This weekend I checked out the continuing adventures of Jigsaw and the gang, and here’s my review of Saw V, without spoilers.
I’ll begin by saying I’m not a horror fan. I have nothing against the genre, but I’m just not prone to rushing out to see any and every movie just because it’s horror, as I might be for science fiction or superhero movies. That said, I’m a big fan of Saw and have been into it ever since I saw the original movie at its midnight release. The thing that sets Saw aside from other horror franchises for me is that it’s not just all about the kills and the gore. At the core of the Saw movies, there’s a moral message, and Jigsaw is a very atypical killer in that it’s possible to sympathize with what he’s trying to accomplish, if not with his methods.
The Saw series also diverges from its horror sequel brethren in that it is a series with tight continuity that requires its viewers to pay attention to the plot and to remember little details from all the movies. Most Friday the 13th or Nightmare on Elm Street installments will allow you to jump in mid-stream and watch and enjoy any of the movies individually without relying on your knowledge of the rest of the films. Not so with Saw. I’d venture to guess that anyone seeing Saw V without having seen all the previous installments will be quite confused and will miss out on most of what’s going on.

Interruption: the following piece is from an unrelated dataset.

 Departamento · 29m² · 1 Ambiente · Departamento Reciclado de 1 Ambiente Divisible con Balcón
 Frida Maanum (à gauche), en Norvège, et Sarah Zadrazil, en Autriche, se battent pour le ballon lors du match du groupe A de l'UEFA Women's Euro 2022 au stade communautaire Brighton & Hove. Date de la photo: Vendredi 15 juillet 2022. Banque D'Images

Saw V picks up minutes after Saw III and Saw IV, with Jigsaw’s second apprentice carrying on the sadistic work of his mentor. Lacking the brilliance of the original mastermind, the new apprentice, Lieutenant Mark Hoffman (played by Costas Mandylor and revealed at the end of Saw IV) slips up with one of his traps and allows FBI Agent Peter Strahm (Scott Patterson) to live. The movie then becomes a cat and mouse game of Strahm pursuing Hoffman, whom he suspects of being in league with Jigsaw, while Hoffman springs a new trap on five unsuspecting new victims.
The new trap is similar in many ways to the house trap from Saw II. Rather than having a single person enduring the Jigsaw treatment, there are five seemingly unconnected (but likely somehow related) people stuck in a locked room and tethered by the neck to a pulley system that eventually will decapitate them. Through the course of the movie, we follow their progress as they move from room to room in the trap, facing horrible test after horrible test. Among the victims are Brit, a real estate developer played by Julie Benz and a journalist played by Carlo Rota.
A third element to the plot this time is a series of flashbacks, similar to the ones we’ve seen in the previous installments. This time around we get Hoffman’s origin story and learn more about his character prior to meeting Jigsaw (Tobin Bell), as well as how he became Jigsaw’s apprentice. The flashbacks tie into events we’ve seen in all the previous Saw movies, and as always they illuminate aspects and details we never thought to question from those earlier movies.
Saw V is an entertaining movie, but it definitely is the weakest of the five films. To me it feels like a gap filler between Saw IV and Saw VI. I enjoyed the flashbacks, mostly due to Tobin Bell’s brilliance and his complete grasp of Jigsaw, and the new multi-room trap was an intriguing watch as well. I’m a fan of Julie Benz from her work on Dexter, Buffy, and Angel, and I have enjoyed Carlo Rota on 24, so it was neat to see the two of them together in one of my favorite movie franchises. The movie is lacking in its metaplot, though. Strahm’s pursuit of Hoffman and Hoffman’s activities fail to engage in the same way that previous cops and their pursuits of Jigsaw and Amanda have grabbed me. I think this is due in large part to Tobin Bell’s continued absence from the present day proceedings. I don’t buy Hoffman as a mastermind, and his moral compass is nowhere near the original Jigsaw’s. He comes across as just a thug, left with the remnant of a psychotic legacy.
One of the hallmarks of the Saw movies is a surprising twist in the third act. Saw V‘s tagline has been “You won’t believe how it ends” (no marks for originality there), and I guess it ended up being a fulfilled promise. While I left all four previous Saw movies with a feeling of, “Hey, that was kind of neat,” I left Saw V sort of perplexed, because what seems to have been the intended twist at the end was actually something that was very obvious and should be evident to anyone halfway through the movie. Robbed of a sufficiently engaging villain and a cool bit of audience deception, Saw V fails to be as much fun as the previous outings.
There are of course some dangling threads that are sure to be resolved in Saw VI, and the one that intrigues me the most involves a metal box and Jigsaw’s widow, Jill. Even though Saw V left me cold, I’m still a fan of the series and am looking forward to my yearly solo theater outing to catch the newest developments in the increasingly labyrinthine plot.